> [Supplied records]:
»»

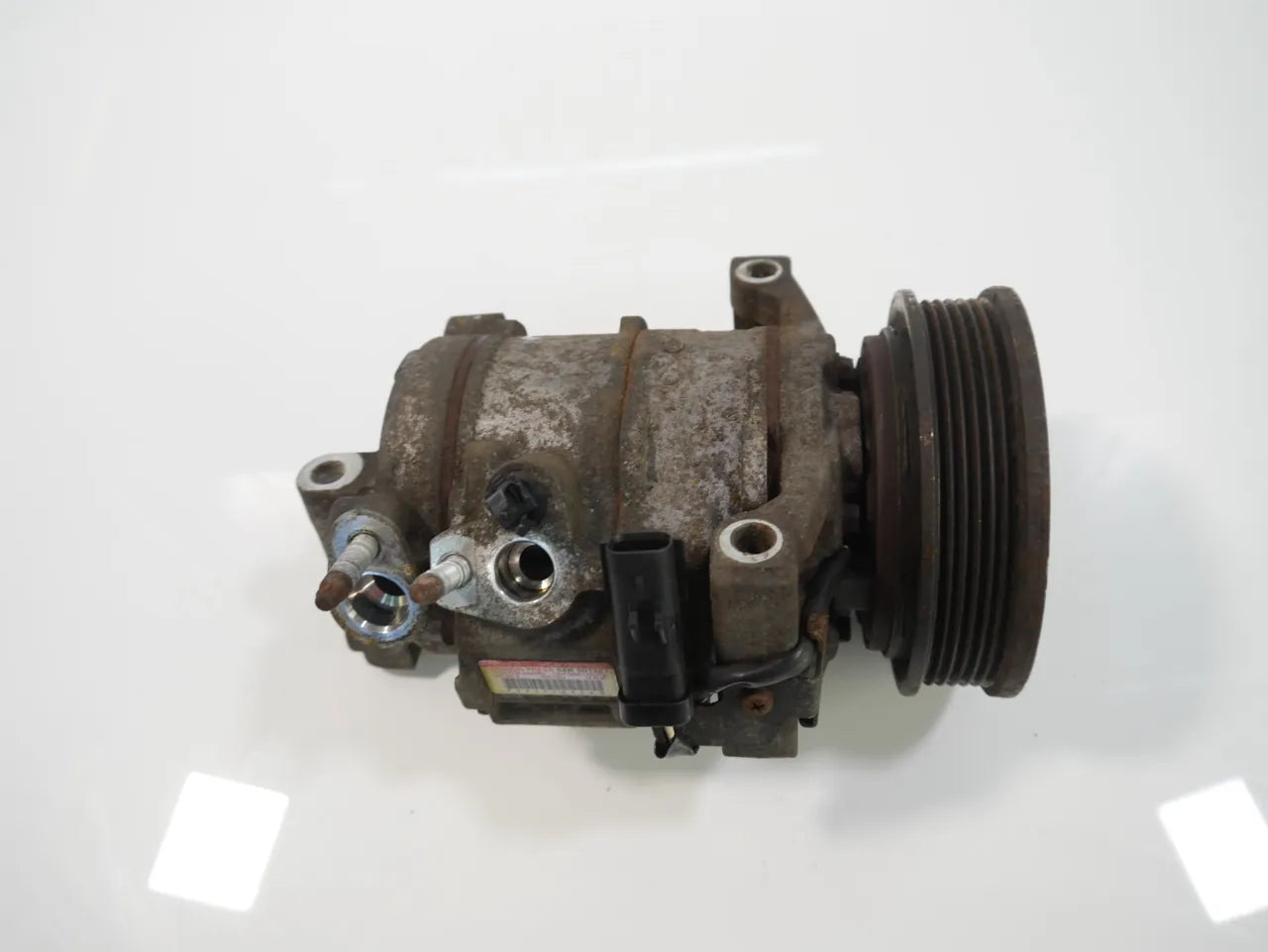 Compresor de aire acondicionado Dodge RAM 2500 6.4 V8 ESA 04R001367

««
»»

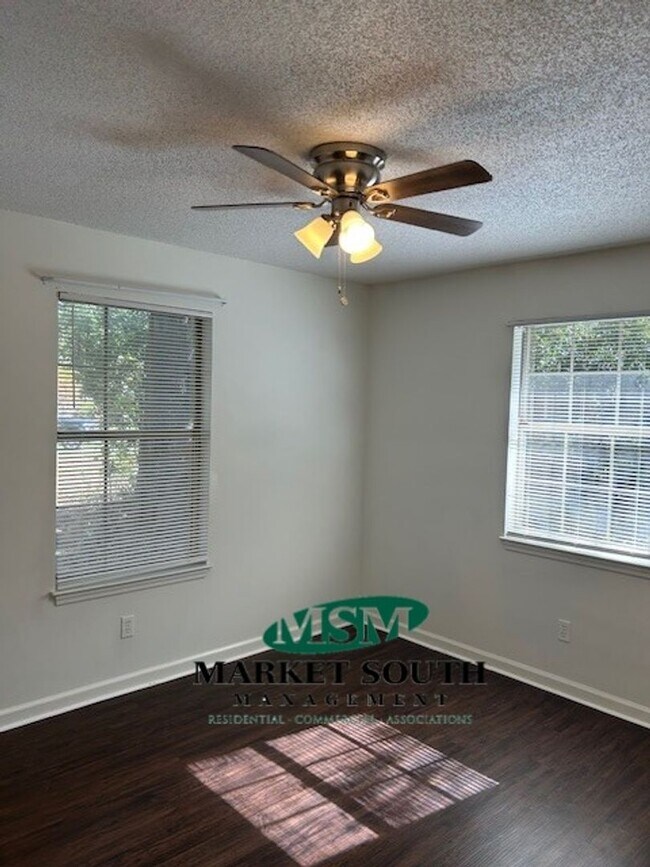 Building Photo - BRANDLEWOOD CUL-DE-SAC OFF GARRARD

««
»»

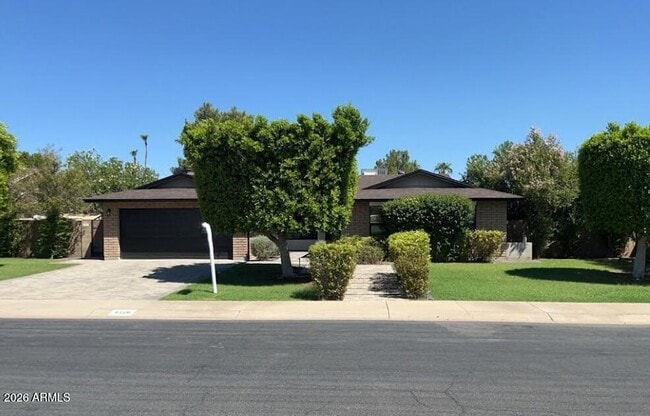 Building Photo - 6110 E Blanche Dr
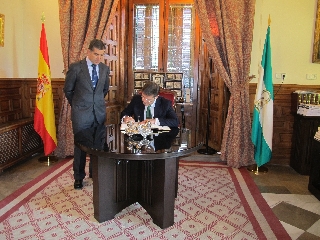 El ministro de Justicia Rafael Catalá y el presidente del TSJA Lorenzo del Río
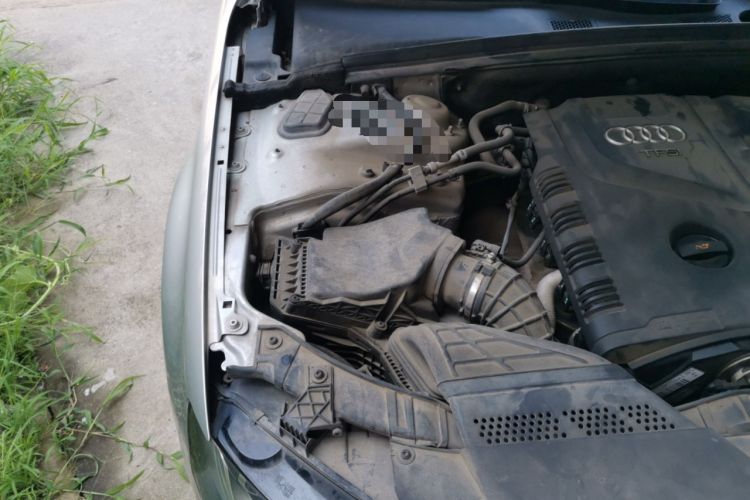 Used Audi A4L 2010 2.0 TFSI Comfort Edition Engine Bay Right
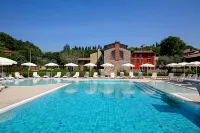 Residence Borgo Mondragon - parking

««

> [Exercise]: Write out again exactly the lines above from the one with "El ministro de" through the one with "Residence Borgo Mondragon - parking", adding no other lines and no pictures.

> [Your response]:
 El ministro de Justicia Rafael Catalá y el presidente del TSJA Lorenzo del Río
 Used Audi A4L 2010 2.0 TFSI Comfort Edition Engine Bay Right
 Residence Borgo Mondragon - parking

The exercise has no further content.